To investigate the reliability of unilateral jugular venous monitoring and to determine the appropriate side, we performed bilateral jugular venous monitoring in 22 head-injured patients. Fiberoptic catheters were placed in both jugular bulbs. Arterial and bilateral jugular venous blood samples were obtained simultaneously for in vitro determination of jugular venous oxygen saturation (SJO2), arterial minus jugular venous lactate content difference (AJDL), and modified lactate-oxygen index (mLOI). Ischemia was assumed if one of the following pathologic values occurred at least unilaterally: SJO2 <54%, AJDL <−0.37 mmol/L, mLOI >0.08. The sensitivity of calculated unilateral monitoring in detecting ischemia was evaluated by comparing the incidence detected unilaterally with that disclosed bilaterally. The mean and maximum bilateral SJO2 differences varied between 1.4% and 21.0%, and 8.1% and 44.3%, respectively. The bias and limits of agreement (mean differences ± 2 SD) between paired samples were 0.4% ± 12.8%. There was no significant variation in bilateral SJO2 differences with time. Decreasing cerebral perfusion pressure (r = −0.559, P < 0.001) and arterial Pco2 (r = −0.342, P < 0.001) were associated with increasing bilateral SJO2 differences.
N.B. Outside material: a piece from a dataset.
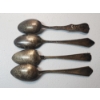 Image 6 : Lot of 4 Assorted Sterling Silver Spoons - Total Weight: 72.8g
Regarding AJDL, the maximum bilateral differences varied between 0.04 mmol/L and 1.52 mmol/L. The bias and limits of agreement were −0.01 ± 0.18 mmol/L. At best, 87% of ischemic events were disclosed by monitoring on the side of predominant lesion or, in diffuse injuries, on the side of the larger jugular foramen (computed tomographic [CT] approach). We conclude that in severe head injury, even calculated unilateral jugular venous monitoring has an unpredictable risk for misleading or missing data. Therefore, the reliability of unilateral jugular venous monitoring appears suspicious. For diagnosing ischemia the CT approach is recommended.